■ **DATA BELOW**:
○ ○ ○ ○ ○
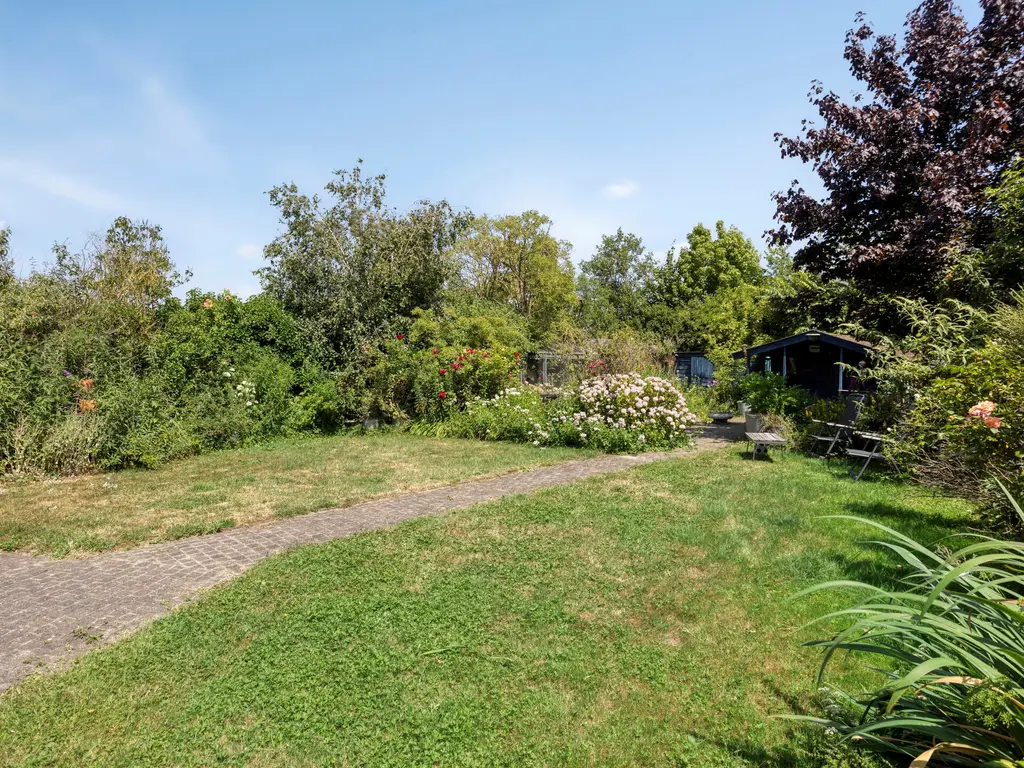 Gaete 16, Lage Zwaluwe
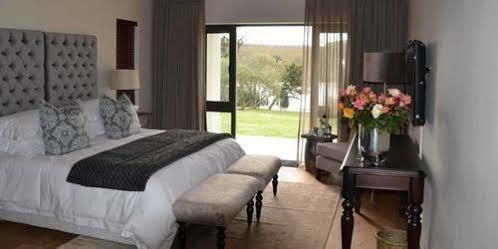 Under Oaks Guest House Paarl Exterior photo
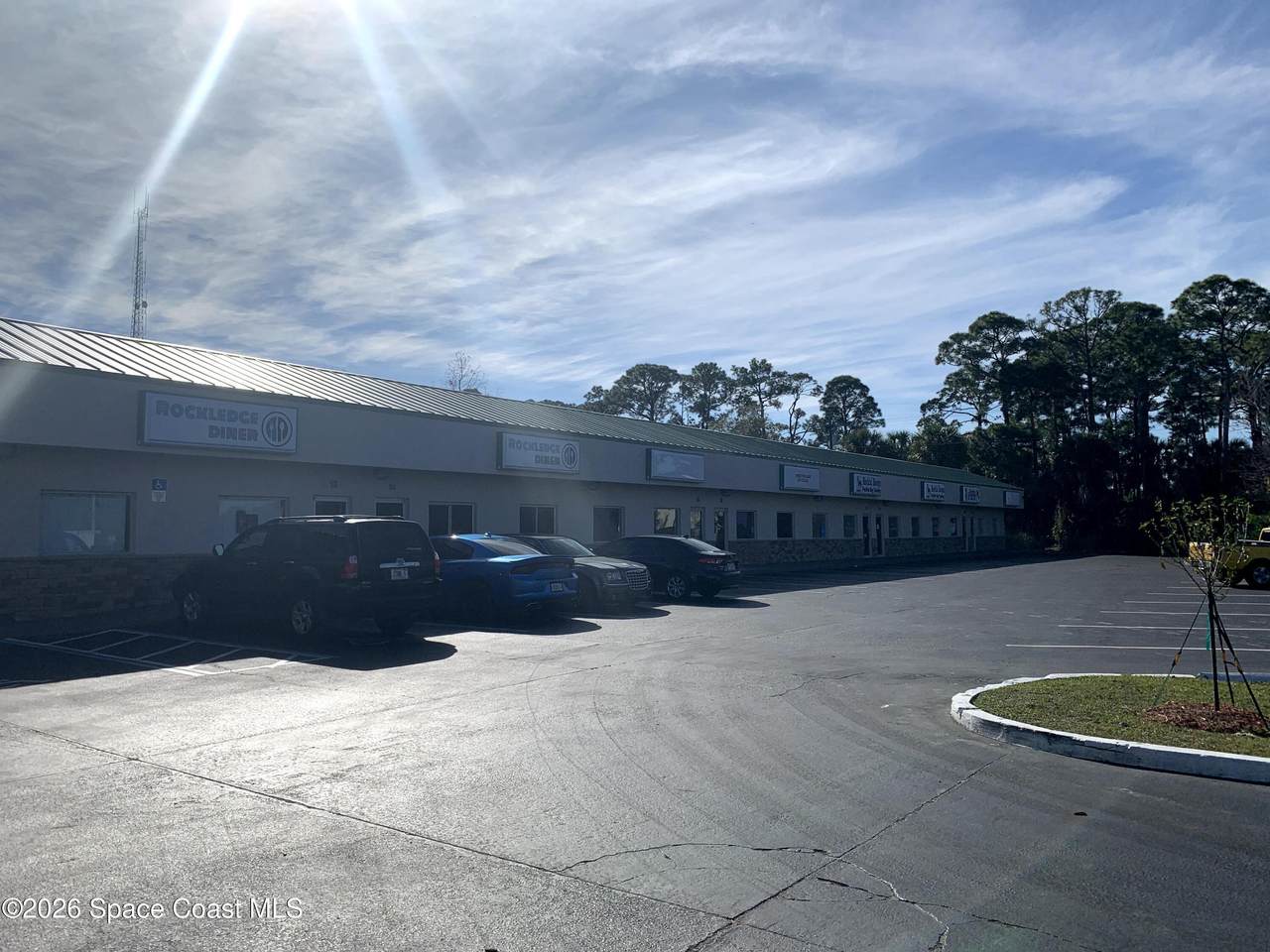 561 Barton Boulevard - Photo 1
○ ○ ○ ○ ○
■ **WHAT IS EXPECTED**:
Pictures are to be left out; repeat all the remaining data exactly.

■ **OUTPUT OF THE TASK**:
 Gaete 16, Lage Zwaluwe
 Under Oaks Guest House Paarl Exterior photo
 561 Barton Boulevard - Photo 1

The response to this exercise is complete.